I just watched this on TV tonight and thought it was terrible. It had a nice concept: guy wakes from coma to find he can tell the future etc. The whole concept was pulled off without any drama or drive though.

Basically all that happened in the movie was the main character ended up going from situation to situation using his powers until he was forced to save the future and kill a senator. This wasn't really a story. A story is when characters change, situations change, there is friction. Where was the friction in this story? There was none. They tried to add a little drama with the ex-girlfriend subplot but that never worked as you never truly care for their relationship or for the main character.

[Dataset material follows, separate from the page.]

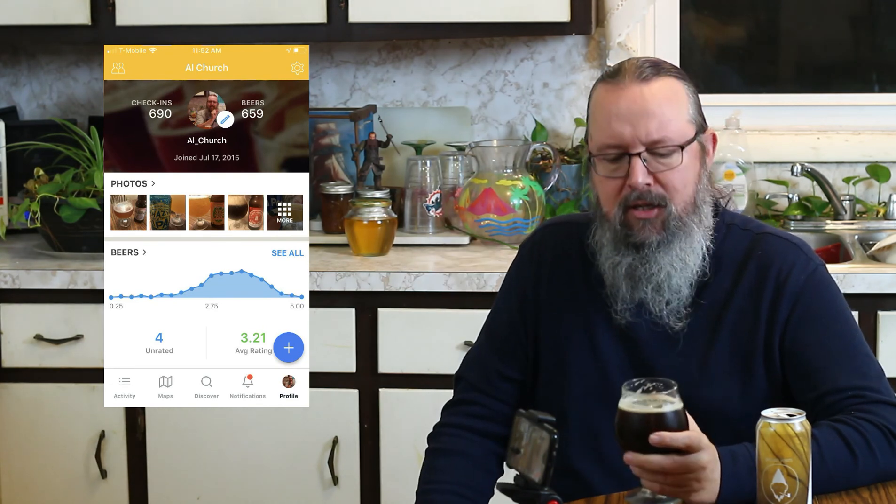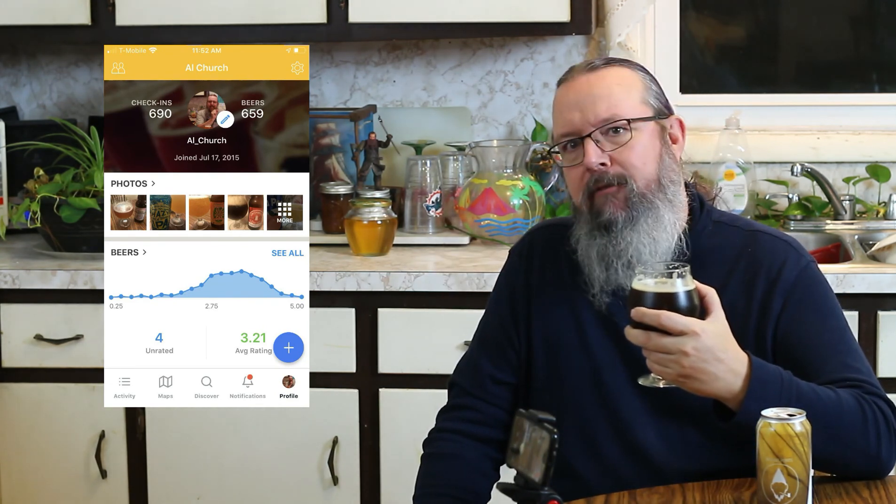Yeah, I'm going to enjoy drinking the rest of this. I'll probably give it a good three stars on Untappd. Follow me and see what I've written for my review. I'm going to enjoy this beer now. Cheers.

Christopher Walken's character is just so unsympathetic. You don't care for him. When his doctor says his powers will eventually kill him, you don't care. When you know he can't be with the woman he loves, you don't care. When he dies at the end, you don't care.

The events in the film were held together with coincidences and sometimes didn't even matter. At the start he helps the police track down a killer (who, coincidentally is one of the policemen) but what purpose does this have? None. It's just there for the sake of it, like the rest of the film. What purpose does the part of the movie have where he's helping the child to learn? None.

The point is, events happen in the story, but the characters never change, so there is no story, just a series of events. Usually in a proper story the events create change. Not here though.

Oh and there were a few plotholes / major coincidences / face palm moment going on:
- His ex-girlfriend ends up being one of the Senators aides and just so happens to end up at his door. Yeah right.
- They hold a parade for the senator RIGHT OUTSIDE HIS HOUSE, just so he can shake the senators hand and move the film forward.
- He gets shot by an old woman early on, the old woman then gets killed. He shook the old womans hand earlier though, surely he'd have seen her getting killed and thus would have known he was going to get shot?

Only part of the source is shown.